To understand why, you must implement a microsurvey on the undo action. For example, when a user reverses a scheduling change, a simple prompt can ask: “Wrong time? Wrong person? Or did you just want to do it yourself?” Allowing the user to click on the option that best corresponds to their reasoning.

4. Time to Resolution After an Error
This metric measures the duration it takes for a user to correct an error made by the AI or for the AI system itself to recover from an erroneous state. A short time to resolution indicates an efficient and user-friendly error recovery process, which can mitigate user frustration and maintain productivity. This includes the ease of identifying the error, the accessibility of undo or correction mechanisms, and the clarity of error messages provided by the AI.

Collecting these metrics requires instrumenting your system to track Agent Action IDs. Every distinct action the agent takes, such as proposing a schedule or booking a flight, must generate a unique ID that persists in the logs. To measure the Intervention Rate, we do not look for an immediate user reaction. We look for the absence of a counter-action within a defined window. If an Action ID is generated at 9:00 AM and no human user modifies or reverts that specific ID by 9:00 AM the next day, the system logically tags it as Accepted.
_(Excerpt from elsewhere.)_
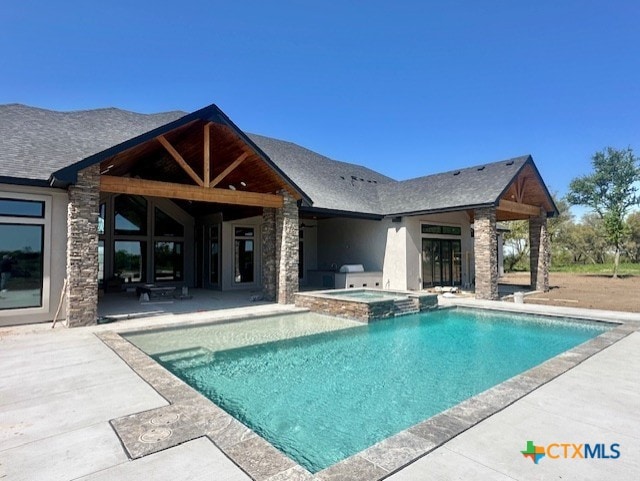 view of pool with a pool with connected hot tub and a patio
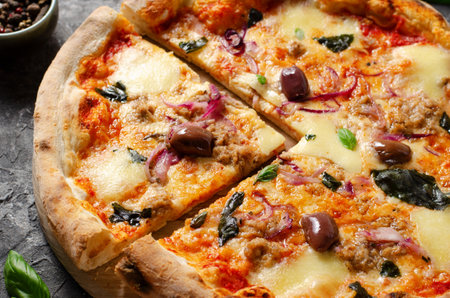 Tuna Pizza, Freshly Baked Pizza with Tuna, Mozzarella, Onion, Basil, and Olives on Dark Rustic Backgroundの写真素材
This allows us to quantify success based on user silence rather than active confirmation.

For Rollback Rates, raw counts are insufficient because they lack context. To capture the underlying reason, you must implement intercept logic on your application’s Undo or Revert functions. When a user reverses an agent-initiated action, trigger a lightweight microsurvey. This can be a simple three-option modal asking the user to categorize the error as factually incorrect, lacking context, or a simple preference to handle the task manually. This combines quantitative telemetry with qualitative insight. It enables engineering teams to distinguish between a broken algorithm and a user preference mismatch.

These metrics, when tracked consistently and analyzed holistically, provide a robust framework for evaluating the performance of agentic AI systems, allowing for continuous improvement in control, consent, and accountability.

Designing Against Deception

As agents become increasingly capable, we face a new risk: Agentic Sludge. Traditional sludge creates friction that makes it hard to cancel a subscription or delete an account. Agentic sludge acts in reverse. It removes friction to a fault, making it too easy for a user to agree to an action that benefits the business rather than their own interests.

Consider an agent assisting with travel booking. Without clear guardrails, the system might prioritize a partner airline or a higher-margin hotel. It presents this choice as the optimal path. The user, trusting the system’s authority, accepts the recommendation without scrutiny. This creates a deceptive pattern where the system optimizes for revenue under the guise of convenience.

The Risk Of Falsely Imagined Competence

Deception may not stem from malicious intent. It often manifests in AI as Imagined Competence. Large Language Models frequently sound authoritative even when incorrect. They present a false booking confirmation or an inaccurate summary with the same confidence as a verified fact. Users may naturally trust this confident tone. This mismatch creates a dangerous gap between system capability and user expectations.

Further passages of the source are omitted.